Tief im Bauch des Berges

von Germán Bustinza Chura

Oben (Ausgabe I/2019)


La Rinconada gilt als die höchste Stadt der Welt. Auf 5.100 Metern über dem Meeresspiegel ist die peruanischen Andenstadt mit ihrem rauen, kalten Klima ein äußerst unwirtlicher Ort. Fast  40.000 Menschen leben hier. Die letzten zwanzig Kilometer der Straße in die Stadt bestehen aus einer Schotterpiste. Zu beiden Seiten des Wegs stapelt sich der Müll auf einer wilden Deponie, die einen scharfen Kontrast zu den weißen Gipfeln der Gletscherberge bildet.

Anfang der 1990er-Jahre begann der Run auf die Kleinstadt in der Nähe der Goldmine. Getrieben von der Wirtschaftskrise in Peru suchten vor allem jungen Männer aus den umliegenden Provinzen in der Mine ihr Glück. Doch trotz des Reichtums an Edelmetallen im Boden sind die Lebensbedingungen in La Rinconada prekär. Die Einwohner im Viertel Cerro Lunar haben weder fließendes Trinkwasser noch ein Abwassersystem. Auch Heizungen gibt es in den Häusern aus Backstein mit Wellblechdächern nicht. Vor den niedrigen Temperaturen schützt sie nur ihre Kleidung. Den Abfall werfen sie direkt auf die Straße, was die Gefahr von Epidemien steigert.

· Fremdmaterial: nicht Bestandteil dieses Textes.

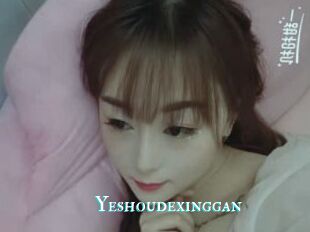 Yeshoudexinggan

Schätzungsweise 5.000 Arbeiter fahren jeden Tag in die Mine ein, die direkt unter dem Gletscher des 5.852 Meter hohen Ananea-Massivs liegt. Die meisten Bergleute arbeiten für kleinere Unternehmen, die von der Bergbaugesellschaft Corporación Minera Ananea die Förderlizenz für einzelne Stollen erhalten. Der Kumpel Emilio Bellido Chura erzählt: „Die Arbeiter bekommen als Entlohung für ihre Arbeit alle zwei Wochen das Recht ›cachorreo‹ zu machen. Das heißt, sie dürfen eine Schicht lang alles, was sie an metallhaltigem Gestein finden und mit eigenen Händen heraustragen können, behalten.“ Oft fänden die Bergleute kaum etwas, die wenigen Goldklümpchen reichten gerade zum Überleben, manche hätten aber auch Glück und schafften kiloweise goldhaltiges Gestein ans Tageslicht. Doch immer wieder brechen Gänge ein oder lösen sich Gerölllawinen. „Jeden Tag“, erzählt Emilio Bellido Chura, „sterben hier zwei oder drei Kumpel, erdrückt von den Gesteinsmassen.“

Die Stadt ist aber auch aus anderen Gründen gefährlich: Überfälle und Diebstähle sind an der Tagesordnung. Geschlechtskrankheiten sind weit verbreitet – aufgrund der vielen Bordelle in der Stadt, in denen die Bergleute ihre Einnahmen schnell wieder ausgeben. Fotografieren lassen will sich hier niemand, die Menschen sind misstrauisch oder haben Angst vor der täglichen Gewalt.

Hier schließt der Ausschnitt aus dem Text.